Physics-based algorithms are the gold standard for Modeling and Simulation (M&S) of a System of Systems (SoS); however, high-fidelity physics M&Ss can be cost prohibitive, slow, and/or exceedingly complex. Further, physics-based algorithms are often not considered useful until they pass a threshold of “realness,” this adds to cost and delays the readiness of M&S. Given the costs, development delays, and run speed of physics-based M&S they are often used sub-optimally, introduced too late to be used to aid design, or simply not implemented at all. 

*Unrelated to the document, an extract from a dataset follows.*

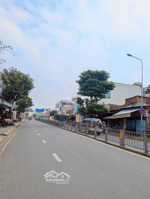 nhà 2 mặt tiền đường nguyễn oanh phường 17 - dt đất 146m2 - 3 tầng - nở hậu - có hẻm sau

Stochastic algorithms are inexpensive as the same algorithm can be used for each component in an SoS. These algorithms use a random number generator making them faster and less hardware intensive than physics-based algorithms. Finally, the parameters used in a stochastic model or simulation can be changed and refined over time, while still providing actionable insights early on in the design process. However, one drawback of stochastic models is that they do not have the fidelity of their physics-based counterparts. With this understanding, we assert that the M&S environment could greatly benefit from more extensive use of stochastic M&S. This is particularly true for aiding design, as fault identification, and as a guide for better utilization of higher-fidelity M&S tools.  

This paper describes the use and benefits of stochastic M&S for SoSs. We compare the capabilities of stochastic M&S to physics-based M&S using a simplified threat/intercept scenario. We explore how stochastic simulations can aid in optimization of physics-based M&S by constraining the input space for physics-based M&S. We introduce the concept of a digital caricature (a stochastic digital twin) and how this can be used in conjunction with real-world data and existing digital twins. Finally, we describe other avenues of interest for stochastic M&S to aid design, training, and operations of real-world systems.